Endeudamiento externo de la banca y riesgos


Por diferentes razones, a lo largo del tiempo el sistema financiero costarricense ha recurrido al endeudamiento externo como fuente importante de recursos para alimentar el otorgamiento de crédito.
Además de distorsiones como la garantía estatal a los depósitos que abarata el fondeo de los bancos públicos frente a los privados, la problemática secular de las finanzas gubernamentales es el principal elemento que explica el uso de recursos externos para entregar crédito a familias o empresas residentes en el país.
Déficits fiscales elevados conducen a tasas en moneda local altas en términos reales y, como resultado, es competitivamente atractivo recurrir a recursos de endeudamiento externo para otorgar crédito en dólares, a un costo financiero notoriamente menor que en colones.
En los últimos años, el marcado deterioro de las cuentas fiscales y la elevada liquidez y las particularmente bajas tasas de interés que se han presentado en los mercados internacionales han propiciado nuevamente un repunte en los pasivos externos de los bancos locales.
En el corto plazo, estos recursos que ingresan desde el exterior han sido —junto al endeudamiento externo del propio Gobierno Central— uno de los factores que han permitido que pese a la magnitud del desequilibrio en las finanzas gubernamentales, los tipos de interés en moneda local no aumenten; al canalizar una parte importante de la demanda de recursos del sector privado local hacia el exterior, de manera indirecta.
Sin embargo, el recurrir a esta fuente de fondos externos para financiar la expansión crediticia local entraña riesgos que deben ser apropiadamente monitoreados, mitigados y, finalmente, controlados.
El primero de ellos está relacionado con la posibilidad de seguir recurriendo a esta válvula de escape en el futuro cercano. Si bien, en contraste con lo que sucedía antes de la crisis financiera internacional, la mayor parte de estos préstamos son de largo plazo, las condiciones de liquidez en los mercados internacionales han empezado a cambiar y la aversión al riesgo por mercados como el costarricense ha aumentado —lo mismo que nuestro riesgo macroeconómico debido a la inacción en materia fiscal—, lo que anticipa que en el futuro los costos de financiarse externamente aumentarán y por lo tanto se reducirá el espacio para escapar del ajuste fiscal interno por esta vía.

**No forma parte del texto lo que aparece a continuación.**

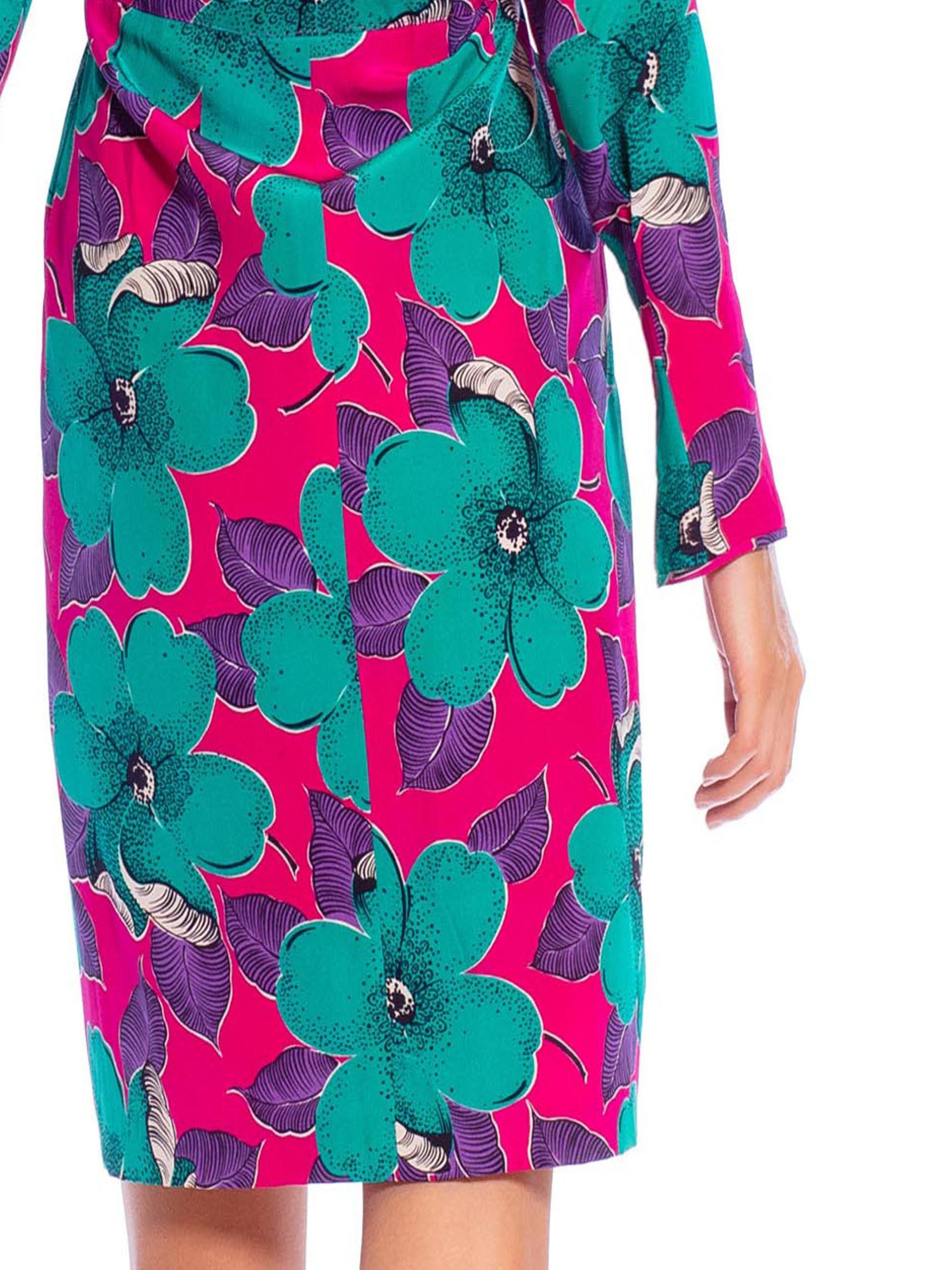 1980S EMANUEL UNGARO Hot Pink Floral Silk Dress For Sale 1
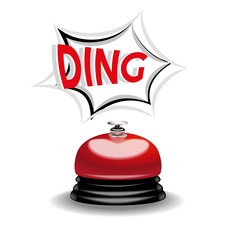 Realistic reception bell and Ding sign in comic book style on white background.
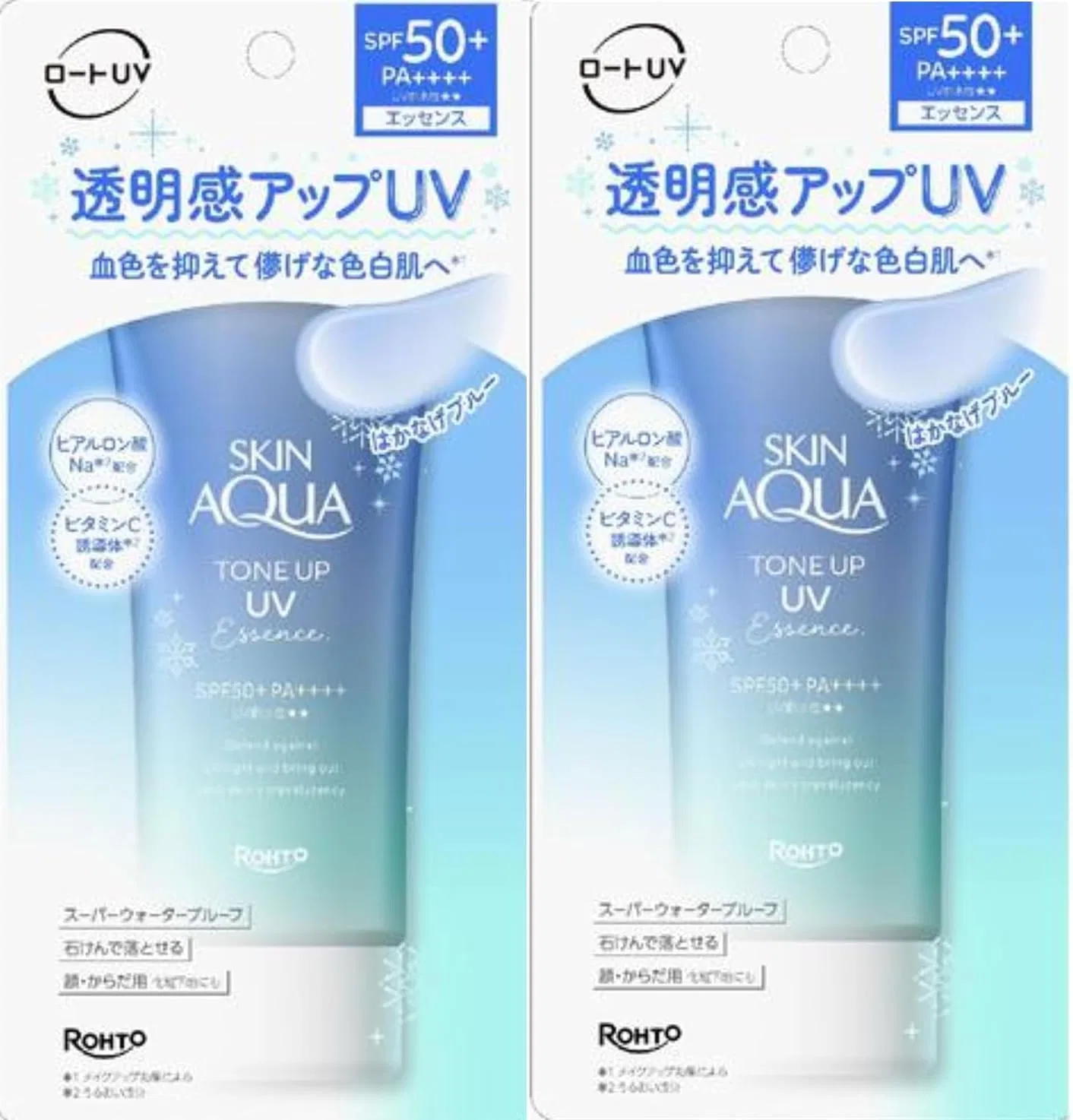 Солнцезащитный гель Skin Aqua Tone Up UV Essence Blue SPF 50+ PA++++, 80 г, 2 шт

El otro gran riesgo se aloja en los balances del sistema bancario y de las familias y empresas que toman crédito en moneda extranjera. La apreciación real del colón ha reducido la rentabilidad relativa de las actividades transables —por ejemplo, la producción para exportar o para competir con las importaciones— y consecuentemente ha aumentado la de las actividades no transables. En este contexto, es natural que los bancos consideren las actividades no transables como mejores sujetos de crédito y, por lo tanto, empiecen en el corto plazo a financiarles en moneda extranjera.
Esto conduce a un descalce en los balances de los deudores que, en caso de un ajuste en el mercado cambiario, podría conducir a la insolvencia deudores y deteriorar la calidad de la cartera crediticia del sistema bancario.